## What the task requires
A verbatim copy of the full data, with no pictures, is the expected answer.

## Data to process
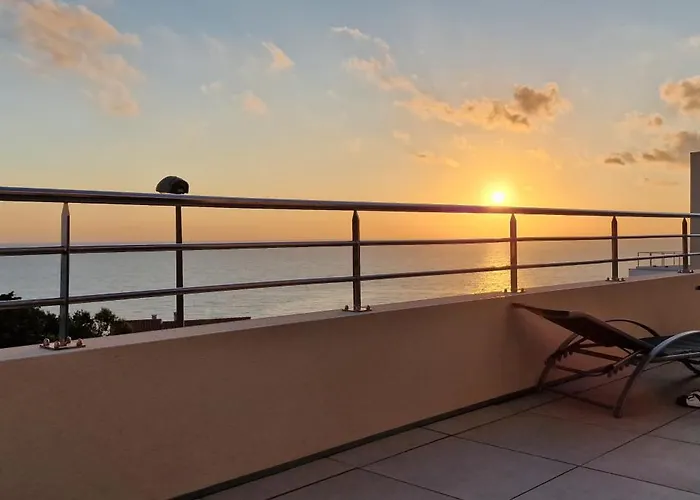 De Soleil A Cerbere, Villa Cerbère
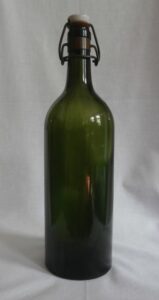 LAHEV S PORCELÁNOVÝM UZÁVĚREM 1L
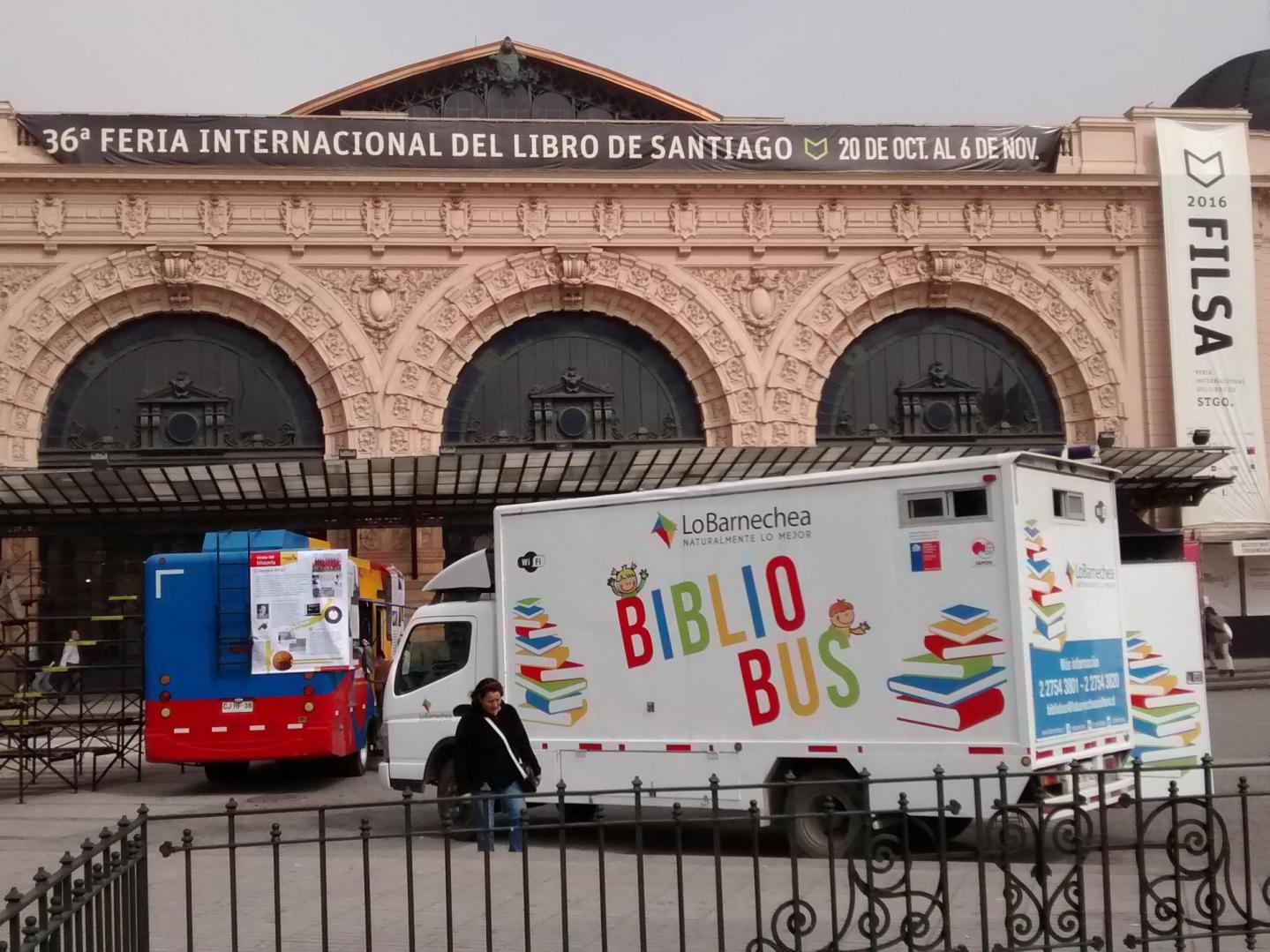 Bibliobús de Lo Barnechea  presente en FILSA 2016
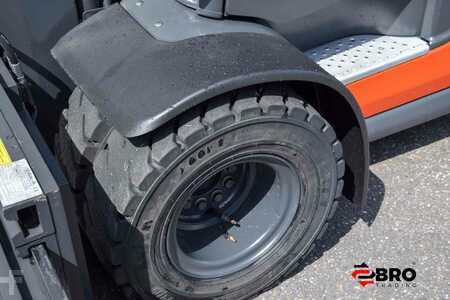 Carretilla elevadora diésel 2021  Linde H35D-01 (4)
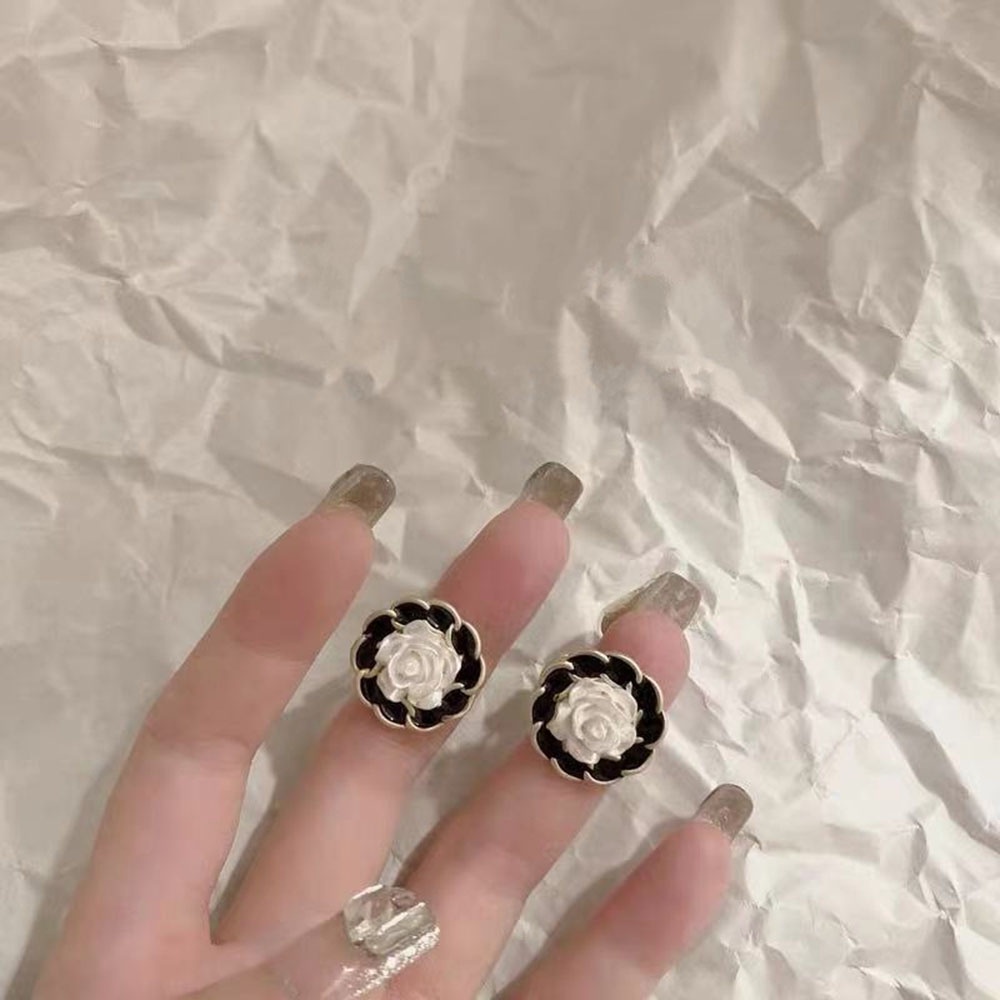 Đôi Khuyên Tai Hình Hoa Trà Thời Trang Vintage Cho Nữ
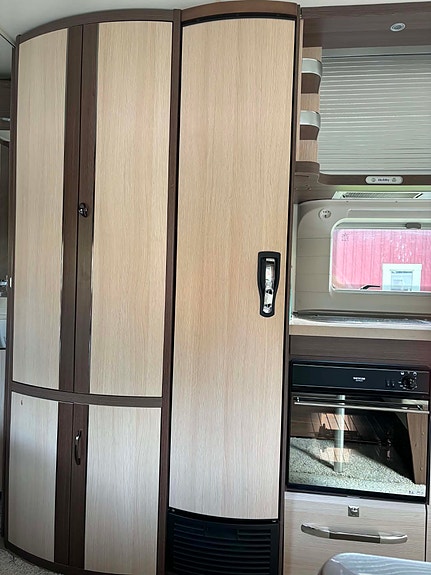Hobby 650 UMFE PRESTIGE AC + PENTATÄLT ev byte mindre vagn 9 of 15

## Response to this task
 De Soleil A Cerbere, Villa Cerbère
 LAHEV S PORCELÁNOVÝM UZÁVĚREM 1L
 Bibliobús de Lo Barnechea  presente en FILSA 2016
 Carretilla elevadora diésel 2021  Linde H35D-01 (4)
 Đôi Khuyên Tai Hình Hoa Trà Thời Trang Vintage Cho Nữ
Hobby 650 UMFE PRESTIGE AC + PENTATÄLT ev byte mindre vagn 9 of 15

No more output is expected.